[Next up in this week’s series of East Coast Guest Posts comes from someone new to the city who very kindly agreed to share her experiences. While some of us know what it feels like to grow up in a city with our own cultural identity, here’s a little taste of what it’s like moving to a new one and trying to find balance.]
By Shiva Nourpanah
Gossiping with my sister and getting annoyed at my mother in my head, while walking down Spring Garden Avenue doesn’t really count as heritage or roots. What about lots of black Kohl? If you’re a teenager native to North America or Europe, it means you’re doing an alternative rebel look: you probably have a metal hoop in your pretty little nose and you’re wearing flip-flops. On the other hand, heavy eye-liner with orange-dyed hair, uncomfortable heely shoes and lots of heavy cleavage means one thing- Iranian ex pat woman alert. So I guess that’s part of my heritage that I’m trying to get away from: too fussy clothes and make-up. A little less lipstick and a little more beige.
Food. My heritage. In one blog post, I rant about Iranian immigrants nostalgic for their mummies’ cooking, obsessive about recreating traditional dishes from dried herbs flown across the Atlantic or store-bought in Toronto. Yet the fact is, we eat Iranian at least three evenings a week. And the other evenings, we eat pasta, which certainly isn’t Canadian, last time I checked. Iranian food is cheap, it’s healthy, it’s more or less easy to make, and we know how to make it. It’s what we know and who we are. The Indian basmati rice we get at Superstore is better than any rice I’ve eaten in my home country, while my family obliges by sending huge parcel of dried herbs, turmeric, saffron, cinnamon and the other spices whose English name is unknown. On Sundays, I cook a traditional ‘khoresh‘, chunks of beef stewed with herbs, beans (pinto, red kidney, or split peas, depending on the type of khoresh), tomato paste (again, only used in certain dishes), and lots and lots of fried onions, spiced with sent-from-Iran packages. The stew is eaten with rice, and I cook plenty, ensuring enough leftovers to cover at least the next couple of nights. Back home, working mothers would cook their whole weeks’ supply on one day, divide into batches, freeze it, and well, you get the picture. By Wednesday, the kids are demonstrating for pasta. But by Friday, they are happy to indulge in home-made mince-meat kebabs with fried tomatoes.

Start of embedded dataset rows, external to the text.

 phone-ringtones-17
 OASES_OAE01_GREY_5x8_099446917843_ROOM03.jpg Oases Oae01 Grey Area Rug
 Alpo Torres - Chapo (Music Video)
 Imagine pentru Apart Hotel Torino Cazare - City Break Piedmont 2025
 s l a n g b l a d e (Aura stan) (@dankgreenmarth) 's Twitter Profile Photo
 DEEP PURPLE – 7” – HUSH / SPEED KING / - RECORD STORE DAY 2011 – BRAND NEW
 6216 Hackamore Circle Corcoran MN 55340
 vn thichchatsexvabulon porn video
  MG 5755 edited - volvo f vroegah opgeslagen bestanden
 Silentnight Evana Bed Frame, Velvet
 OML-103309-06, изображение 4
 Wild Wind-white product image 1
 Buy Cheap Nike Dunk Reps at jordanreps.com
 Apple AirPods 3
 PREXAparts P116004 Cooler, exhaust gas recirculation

Language. I make a point of talking to the kids in Farsi, even and especially when we’re outdoors. As my son is uncovering the joys of using rude words, it is particularly useful. But my daughter replies in English. In twangy, nasally, learned-in-Halifax Canadian English. “Farsi!” I screech at her. “We talk together in Farsi! We are not in daycare!” She is a good girl. She doesn’t challenge me, she doesn’t ask why, why, if I am so paranoid about learning and speaking Farsi, did we come to Canada? She speaks in a swirl of English and Farsi words. Gradually, the English words outnumber the Farsi.

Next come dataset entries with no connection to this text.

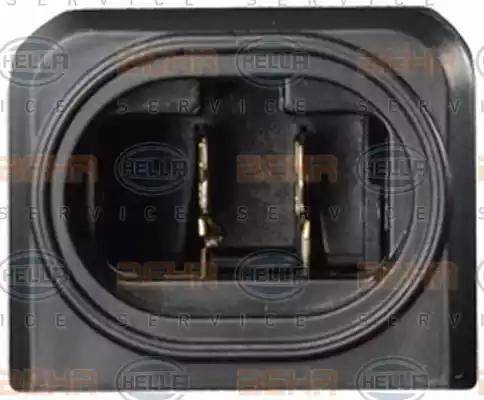 HELLA 8EW 351 044-281 - Ventilatore abitacolo autozon.pro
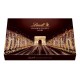 Lindt Champs Elysées Noir Coffret 470g (lot de 2)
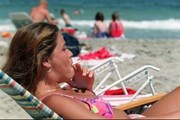 Власти взывают к совести курильщиков. // nj.com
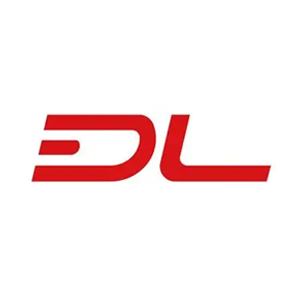 Lear Dongfeng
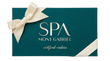 Certificat-cadeau Spa Mont Gabriel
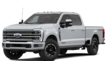  Ford F-250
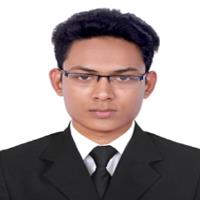 Md. Mehedi Hasan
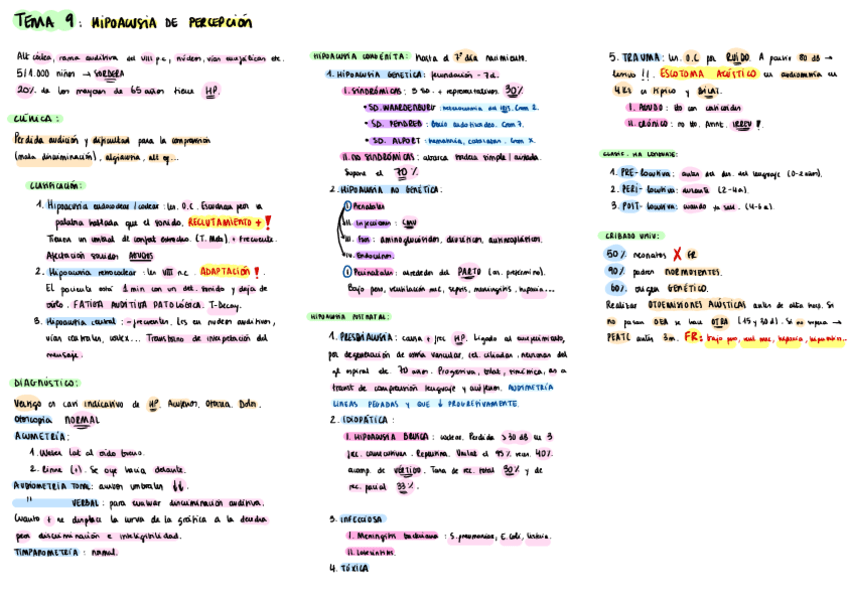 Miniatura del documento T9-hipoacusia-percepcion.pdf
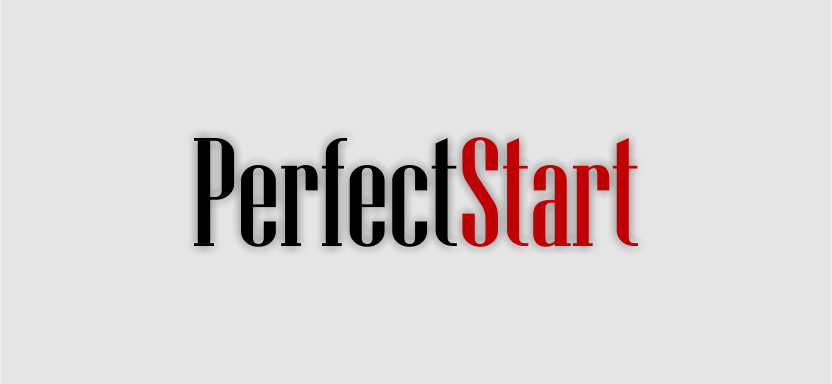 Perfect 2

She has forgotten her grandparents’ faces. They are too lazy with sending pictures. Last week was a special occasion, my brother’s wedding. They sent pictures. I showed them to my daughter. She stared at them. “I can’t remember their faces. Is this your mummy?”

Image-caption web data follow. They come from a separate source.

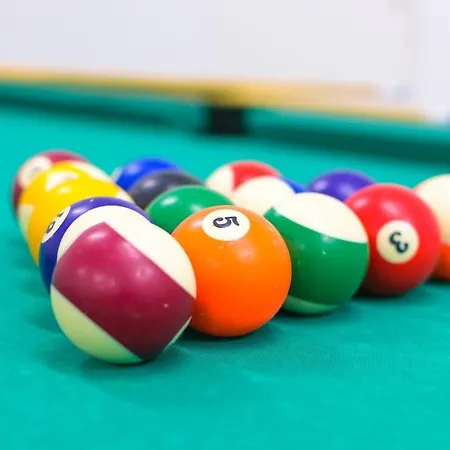 别墅 House By Istrialux Zeliski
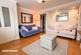 Additional image 13 of Boundary Lane, Welwyn Garden City AL7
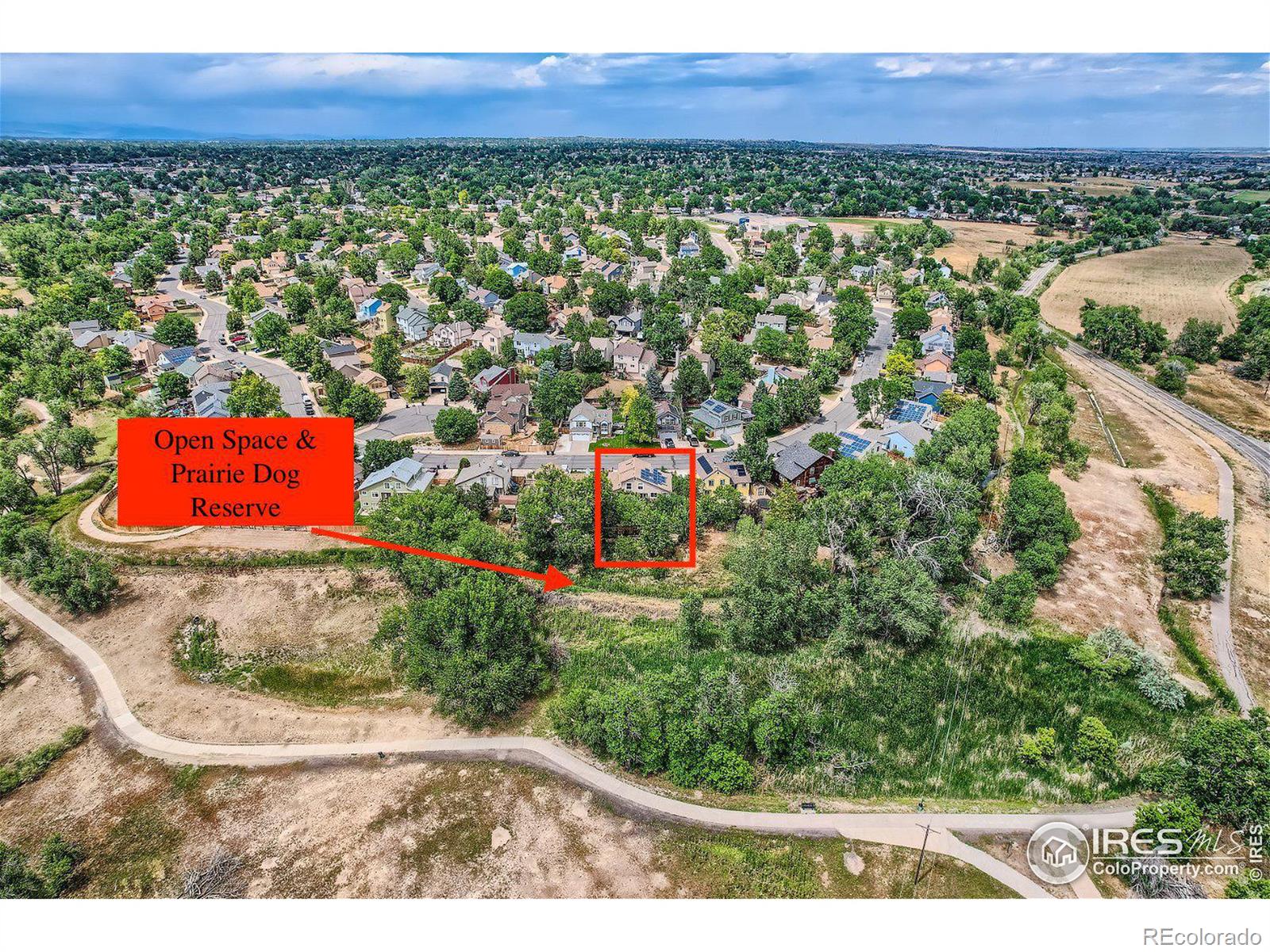 10531 Clermont Way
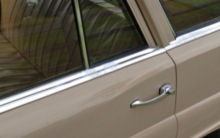 1964BinzWagon18t.jpg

My heritage, my roots. Forgotten faces. Surrogate food. Our roots are in that smoky veiled crowded city across the ocean. But our branches and leaves are spreading here, in this beautiful ocean town.
Shiva grew up in Britain, completed university in Tehran where she got married and had her two children, and she came to Halifax last year. She started doing a graduate course at Dalhousie, and so far, she likes it- both Dalhousie and Halifax. She misses home, which is Iran, but not enough to make her want to go back. She enjoys putting her children to bed, watching BBC costume dramas, pretending to write a novel, and pretending to study. Her blog is The Newcomer.